There is a handy way to deal with the PRNG predictability problem, and it lies in ensuring that its random number generation starts at a random point. Imagine the  shift register in the previous paragraph being initialised with a random number rather than a string of zeros. This random point is referred to as the seed, and if a PRNG algorithm can be started with a seed derived from a truly unpredictable source, then its output becomes no longer predictable.

Selecting Unpredictable Seeds

Computer systems that use a PRNG will therefore often have some form of seed() function alongside their rand() function. Sometimes this will take a number as an argument allowing the user to provide their own random number, at other times they will take a random number from some source of their own. The Sinclair 8-bit home computers for example took their seed from a count of the number of TV frames since switch-on.

The not-very-random result of a thousand analogRead() calls.
The not-very-random result of a thousand analogRead() calls.

The Arduino Uno has a random() function that returns a random number from a PRNG, and as you might expect it also has a randomSeed() function to ensure that the PRNG is seeded with something that will underpin its randomness. All well and good, you might think, but sadly the Atmel processor on which it depends has no hardware entropy source from which to derive that seed. The user is left to search for a random number of their own, and sadly as we were alerted by a Twitter conversation between @scanlime and @cybergibbons, this is the point at which matters start to go awry.
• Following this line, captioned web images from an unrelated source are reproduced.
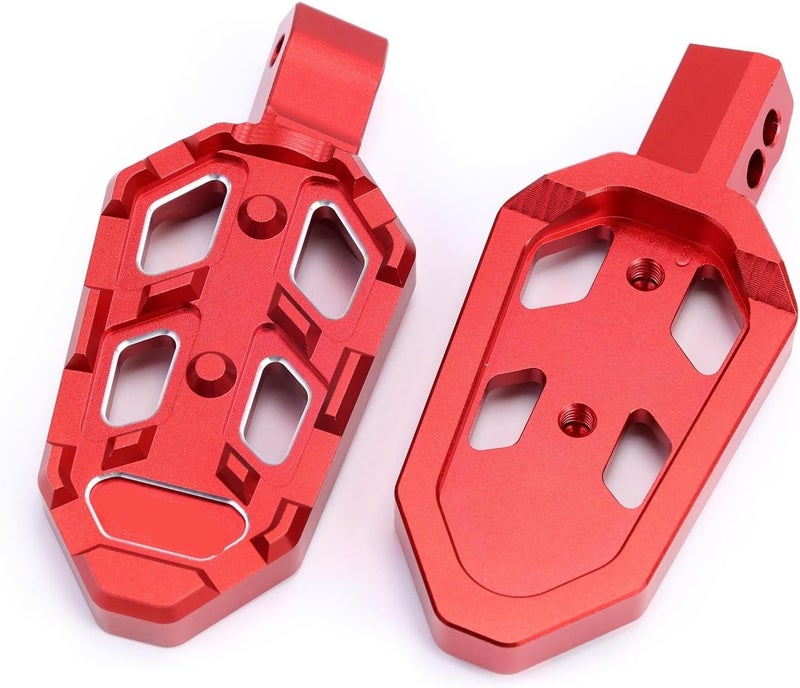 Rear Foot Rests Footpegs Footrest Motorcycle Pedal Compatible with TRK251 TRK502X 150S TNT125 TNT250 302S(Rear Pedal B red) - Image 3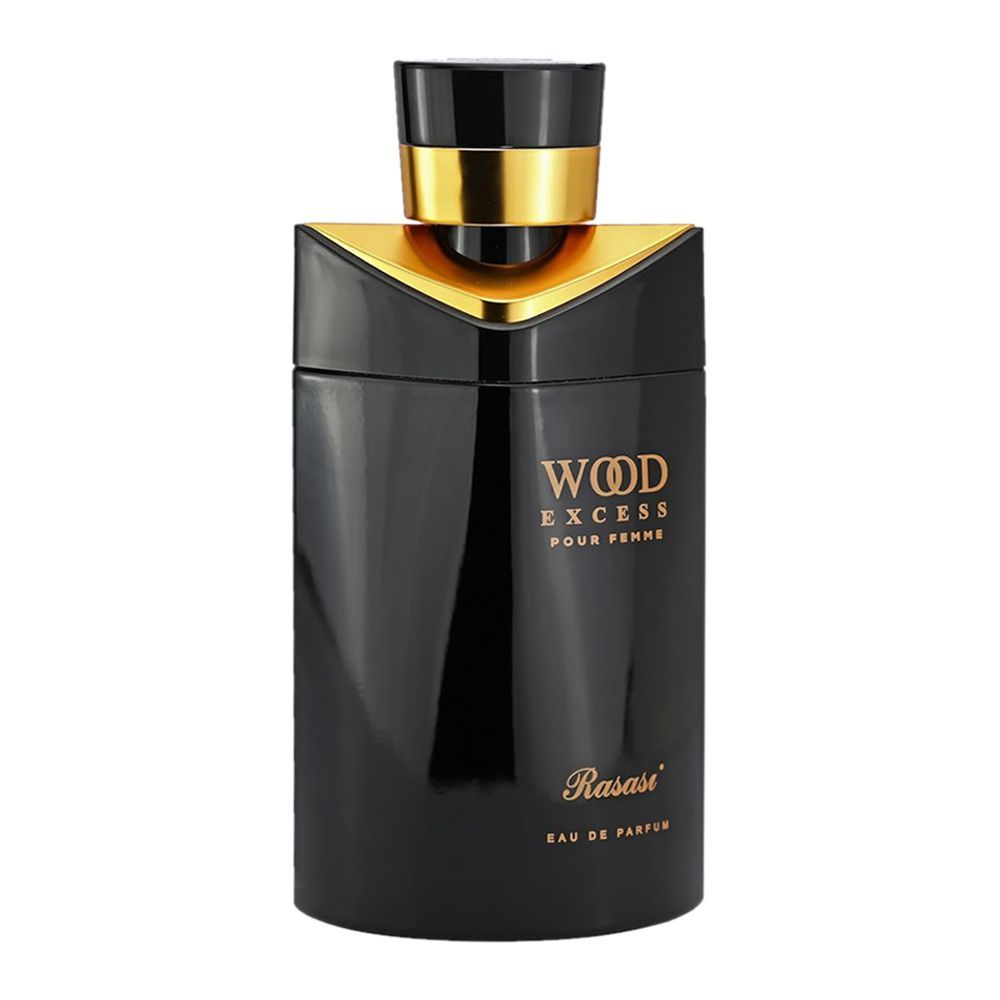 Rasasi Wood Excess Pour Femme Eau De Parfum, For Women, 100ml - Front View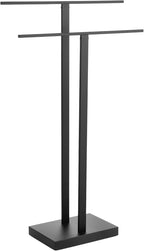 Free Standing Towel Rail Bathroom Holder Floor Rack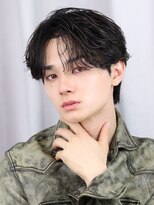 ザ サードヘアー 津田沼 annex(THE 3rd HAIR)&nbsp;シャドウパーマ　センターパート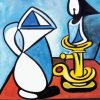 Cubism Candle Diamond Painting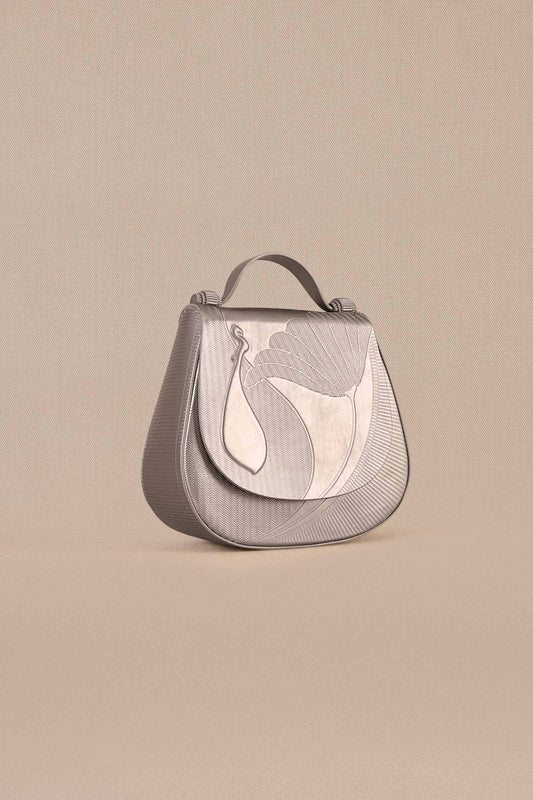 Faux Leather Asaf Bag – Metallics
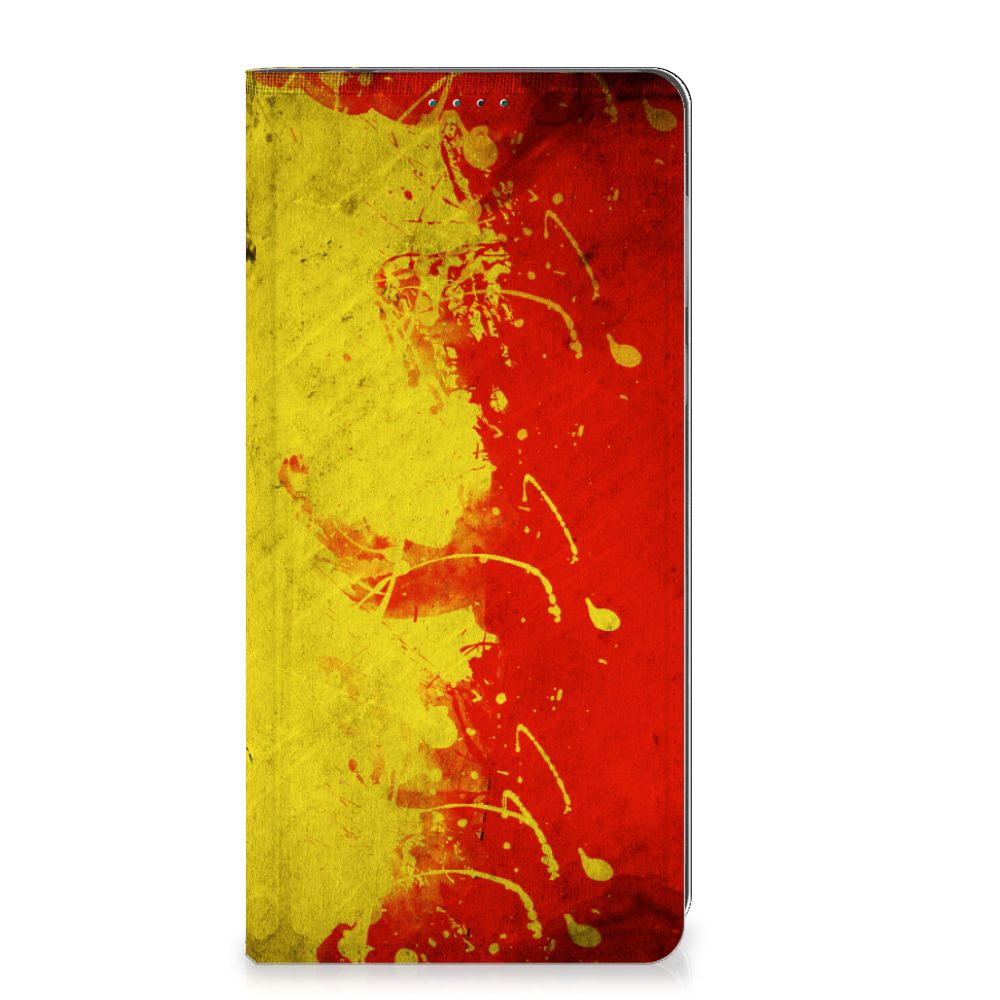 Motorola Moto E13 4G Standcase België design Belgische kleuren voorkant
The documentation for randomSeed() suggests reading the random noise on an unused pin via analogRead(), and using that figure does not return anything like the required level of entropy. A very quick test using the Arduino Graph example yields a stream of readings from a pin, and aggregating several thousand of them into a spreadsheet shows an extremely narrow distribution. Clearly a better source is called for.

Noisy Hardware or a Jittery Clock

As a slightly old-school electronic engineer, my thoughts turn straight to a piece of hardware. Source a nice and noisy germanium diode, give it a couple of op-amps to amplify and filter the noise before feeding it to that Arduino pin. Maybe you were thinking about radioactive decay and Geiger counters at that point, or even bouncing balls. Unfortunately though, even if they scratch the urge to make an interesting piece of engineering, these pieces of hardware run the risk of becoming overcomplex and perhaps a bit messy.

The significantly more random result of a thousand Arduino Entropy Library calls.
The significantly more random result of a thousand Arduino Entropy Library calls.

The best of the suggestions in the Twitter thread brings us to the Arduino Entropy Library, which uses jitter in the microcontroller clock to generate truly random numbers that can be used as seeds. Lifting code from the library’s random number example gave us a continuous stream of numbers, and taking a thousand of them for the same spreadsheet treatment shows a much more even distribution. The library performs as it should, though it should be noted that it’s not a particularly fast way to generate a random number.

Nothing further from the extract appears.